Biden officials, nonetheless, touted the numbers of vaccines and tests in response to monkeypox as a positive, acknowledging the 1.1 million vaccines being made available as well as delivery of more than 620,000 of those doses, deployment more than 15,000 courses of the monkeypox treatment and increasing the country’s capacity to administer tests on a weekly basis to around 80,000. Meanwhile, officials also promoted the change in approach in vaccines as means to allow greater accessibility to the shots.

Rochelle Walensky, director of the Centers for Disease Control & Prevention, promoted during the conference call the use of intradermal injections and said they’re “often used for TB skin tests and have been used for other types of vaccines.”

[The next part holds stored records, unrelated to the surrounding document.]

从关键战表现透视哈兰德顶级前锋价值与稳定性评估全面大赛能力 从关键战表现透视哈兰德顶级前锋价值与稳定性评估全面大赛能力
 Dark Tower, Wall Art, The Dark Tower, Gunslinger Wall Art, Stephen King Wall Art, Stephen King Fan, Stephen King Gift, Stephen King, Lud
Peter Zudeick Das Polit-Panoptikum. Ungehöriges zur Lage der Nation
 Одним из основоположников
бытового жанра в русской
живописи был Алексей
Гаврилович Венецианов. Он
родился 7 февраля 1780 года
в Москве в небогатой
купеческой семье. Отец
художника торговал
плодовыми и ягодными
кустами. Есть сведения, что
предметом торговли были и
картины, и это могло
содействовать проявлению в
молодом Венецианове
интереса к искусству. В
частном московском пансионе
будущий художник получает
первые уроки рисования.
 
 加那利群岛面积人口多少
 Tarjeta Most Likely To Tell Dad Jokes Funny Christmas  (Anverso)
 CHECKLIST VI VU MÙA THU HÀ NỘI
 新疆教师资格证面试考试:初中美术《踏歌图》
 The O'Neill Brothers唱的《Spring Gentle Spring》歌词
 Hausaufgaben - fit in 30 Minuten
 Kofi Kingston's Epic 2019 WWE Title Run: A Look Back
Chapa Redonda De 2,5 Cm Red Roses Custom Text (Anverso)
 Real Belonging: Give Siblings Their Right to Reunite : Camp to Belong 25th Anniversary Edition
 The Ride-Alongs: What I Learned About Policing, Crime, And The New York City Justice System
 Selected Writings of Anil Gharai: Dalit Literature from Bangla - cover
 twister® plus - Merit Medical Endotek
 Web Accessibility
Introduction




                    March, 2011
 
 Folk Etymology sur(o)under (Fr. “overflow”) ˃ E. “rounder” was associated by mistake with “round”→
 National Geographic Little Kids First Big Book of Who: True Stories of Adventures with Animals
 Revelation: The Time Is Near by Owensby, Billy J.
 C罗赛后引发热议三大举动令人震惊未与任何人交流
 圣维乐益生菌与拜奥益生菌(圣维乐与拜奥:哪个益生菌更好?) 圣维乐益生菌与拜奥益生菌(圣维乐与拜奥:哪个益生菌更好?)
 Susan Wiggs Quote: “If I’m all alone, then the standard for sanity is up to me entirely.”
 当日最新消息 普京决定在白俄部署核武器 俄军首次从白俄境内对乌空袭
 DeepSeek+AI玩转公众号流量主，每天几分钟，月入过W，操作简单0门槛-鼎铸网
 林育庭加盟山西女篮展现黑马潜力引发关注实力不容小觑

Although Walensky conceded some health care providers “may not be as familiar with intradermal administration” as they are with subcutaneous injection, she said CDC would make additional guidance materials available, including a clinician alert message to the Association of State & Territorial Health Officials, outreach to key clinician partners and an education resource video. The change in guidance, Walensky said, is for vaccine implementation in adults, but children — where single digit monkeypox cases have been reported — would continue to receive vaccination in the traditional subcutaneous approach.

But health experts aren’t responding with overwhelming praise to the decision to change the guidance on vaccine implementation from subcutaneous injections to intradermal injections, expressing concerns the new approach may be insufficient.

Jennifer Kates, director of global health & HIV policy at the Kaiser Family Foundation, was among those saying the change in guidance on vaccine approach was a mixed bag and told the Blade more data is needed to evaluate the effectiveness.

“As we saw with COVID, using these authorities in the context of public health emergencies is an important strategy,” Kates said. “In this case, this step will significantly expand access to vaccines for those most at risk. However, there remain questions about the effectiveness of this approach — real world studies are needed — and challenges to translating vaccines into vaccinations.”

Peter Marks, director of the Center for Biologics Evaluation & Research (CBER) at the Food & Drug Administration, was asked during the conference call with reporters to respond to concerns the change in guidance was insufficient and downplayed the novelty of implementing the vaccines through the intradermal route as “not at all new.”

“In fact, the reason why the Bavaria part of this equation comes from the fact that in Germany, this vaccine was given intradermally originally, in an effort to replicate the original version of the smallpox vaccine,” Marks said. “It’s been given to thousands of people intradermally, so this isn’t the first time it’s been done.”

Walkensky said the intradermal vaccine approach has been implemented amid policies among localities to implement a one-dose approach to the JYNNEOS vaccine through the subcutaneous route. (The D.C. government is one of the jurisdictions that had enacted a one-dose approach amid a vaccine shortage.) There is not data, Walkensky said, to support that approach and “in fact, if anything, there are data saying that that is not protective enough.”

“So by using this alternative strategy of intradermal dosing, not only do we have more doses, but we actually allow people to get two doses in a way that shows immunologic response that’s superimposable from the subcutaneous dosing,” Walkensky said. “So we have more doses, and in fact, we have the ability to doubly vaccinate people so that they get the protection that they need.”